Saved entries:
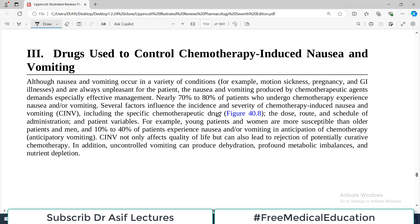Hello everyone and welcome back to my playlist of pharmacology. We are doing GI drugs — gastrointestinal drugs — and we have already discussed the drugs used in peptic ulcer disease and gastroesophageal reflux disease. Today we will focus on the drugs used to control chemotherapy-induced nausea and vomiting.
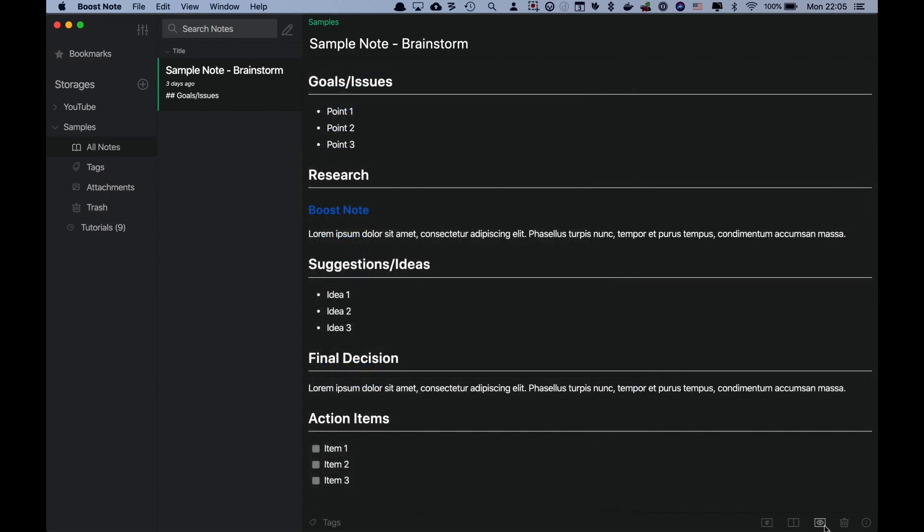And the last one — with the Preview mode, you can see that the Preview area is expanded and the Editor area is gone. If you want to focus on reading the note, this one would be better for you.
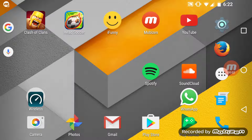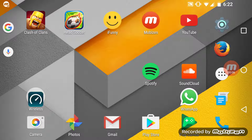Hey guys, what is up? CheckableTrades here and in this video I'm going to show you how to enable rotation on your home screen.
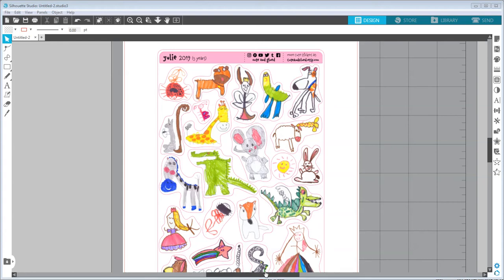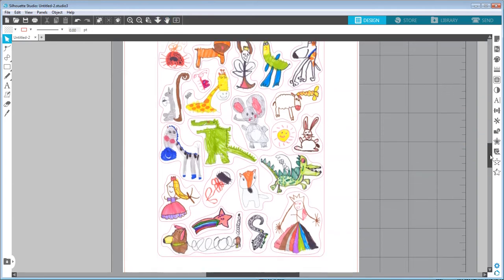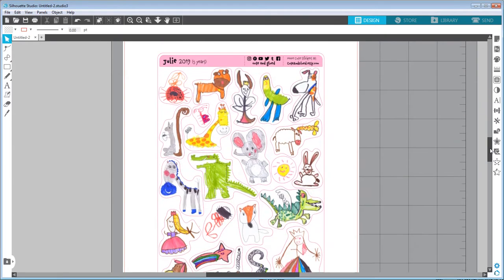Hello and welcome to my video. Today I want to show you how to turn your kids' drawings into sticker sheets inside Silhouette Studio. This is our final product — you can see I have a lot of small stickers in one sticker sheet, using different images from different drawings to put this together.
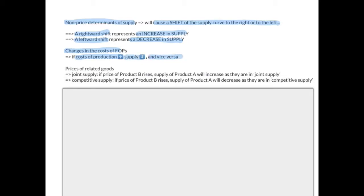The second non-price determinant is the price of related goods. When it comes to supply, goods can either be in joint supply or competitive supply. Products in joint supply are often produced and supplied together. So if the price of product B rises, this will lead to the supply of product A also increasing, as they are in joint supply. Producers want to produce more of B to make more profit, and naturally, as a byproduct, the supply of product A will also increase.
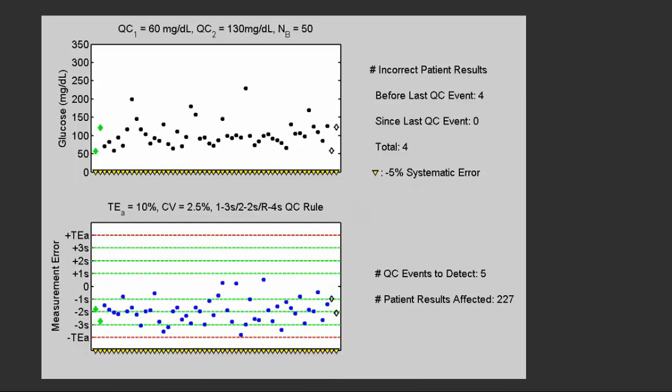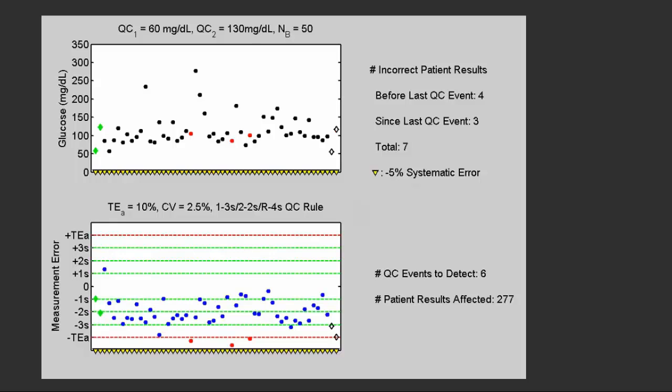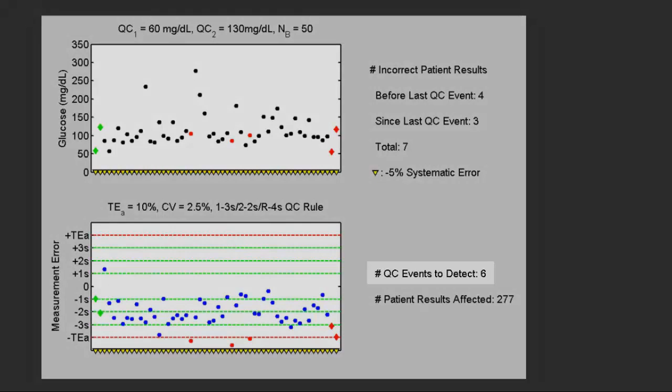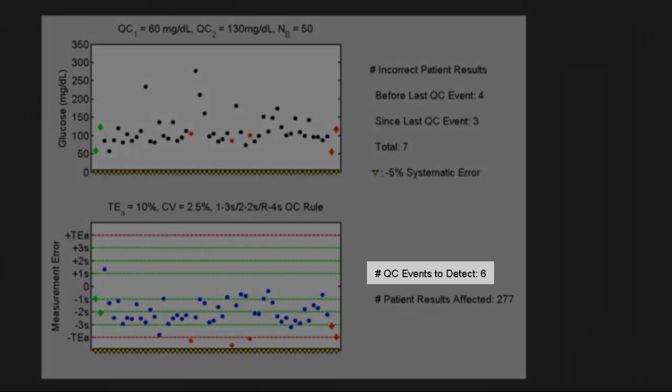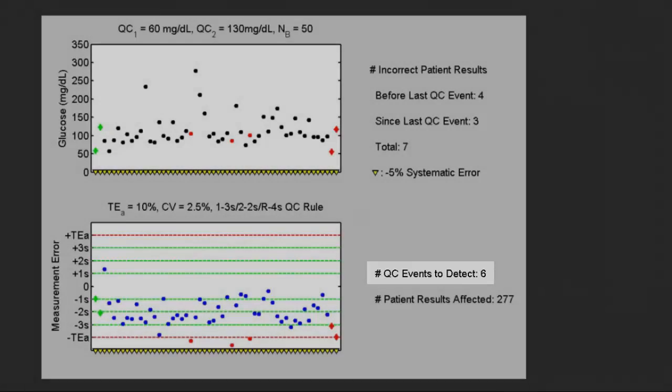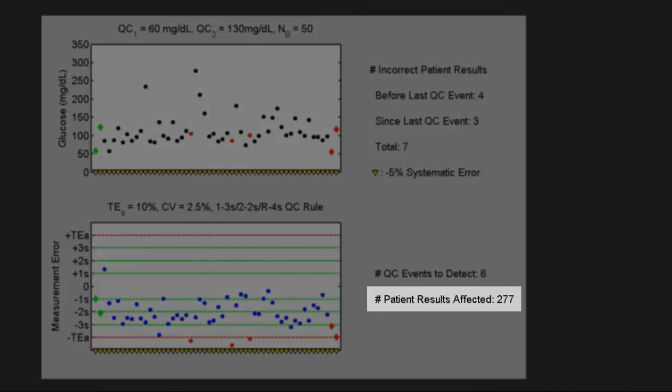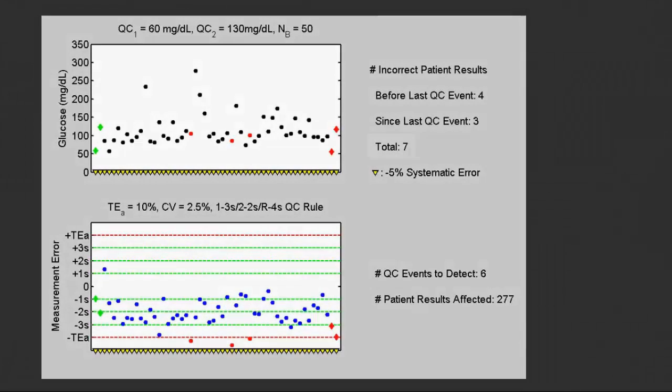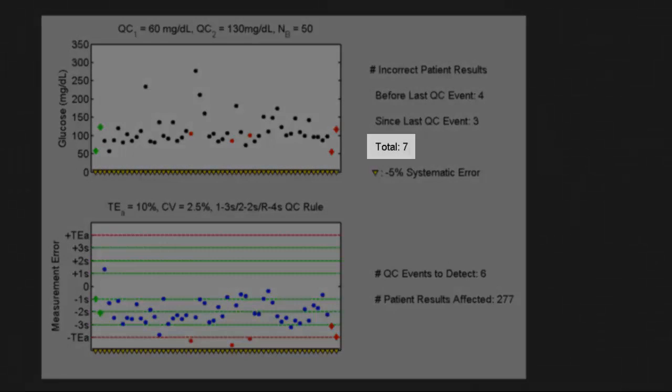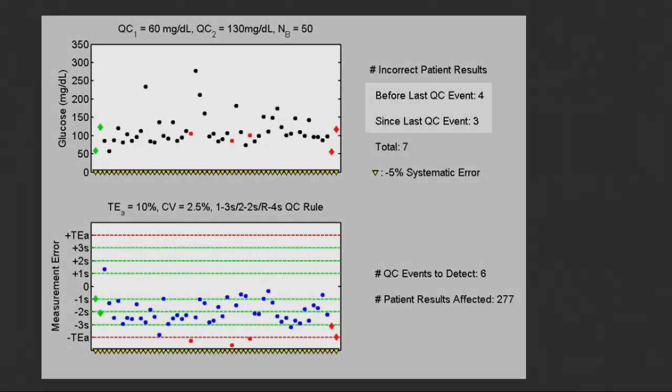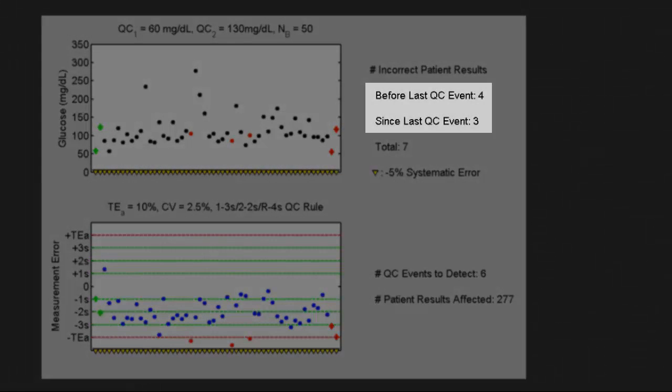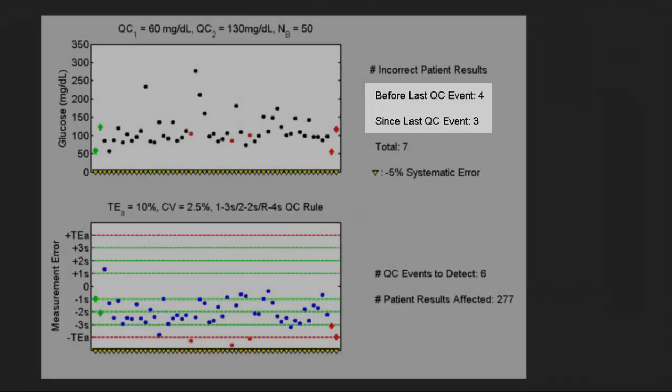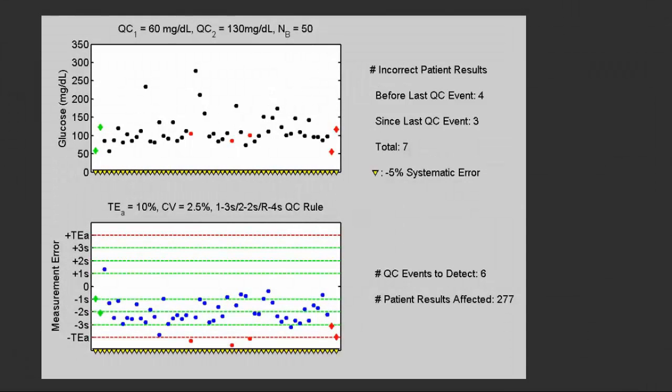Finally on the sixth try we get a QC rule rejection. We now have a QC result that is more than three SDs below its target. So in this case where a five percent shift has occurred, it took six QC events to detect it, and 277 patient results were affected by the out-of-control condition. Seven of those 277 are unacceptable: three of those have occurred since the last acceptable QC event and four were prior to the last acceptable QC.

== Work order ==
Every line from the first line of the entries above through the line with "The second non-price" must be repeated exactly, and pictures must not be.

== Answer area ==
Hello everyone and welcome back to my playlist of pharmacology. We are doing GI drugs — gastrointestinal drugs — and we have already discussed the drugs used in peptic ulcer disease and gastroesophageal reflux disease. Today we will focus on the drugs used to control chemotherapy-induced nausea and vomiting.
And the last one — with the Preview mode, you can see that the Preview area is expanded and the Editor area is gone. If you want to focus on reading the note, this one would be better for you.
Hey guys, what is up? CheckableTrades here and in this video I'm going to show you how to enable rotation on your home screen.
Hello and welcome to my video. Today I want to show you how to turn your kids' drawings into sticker sheets inside Silhouette Studio. This is our final product — you can see I have a lot of small stickers in one sticker sheet, using different images from different drawings to put this together.
The second non-price determinant is the price of related goods. When it comes to supply, goods can either be in joint supply or competitive supply. Products in joint supply are often produced and supplied together. So if the price of product B rises, this will lead to the supply of product A also increasing, as they are in joint supply. Producers want to produce more of B to make more profit, and naturally, as a byproduct, the supply of product A will also increase.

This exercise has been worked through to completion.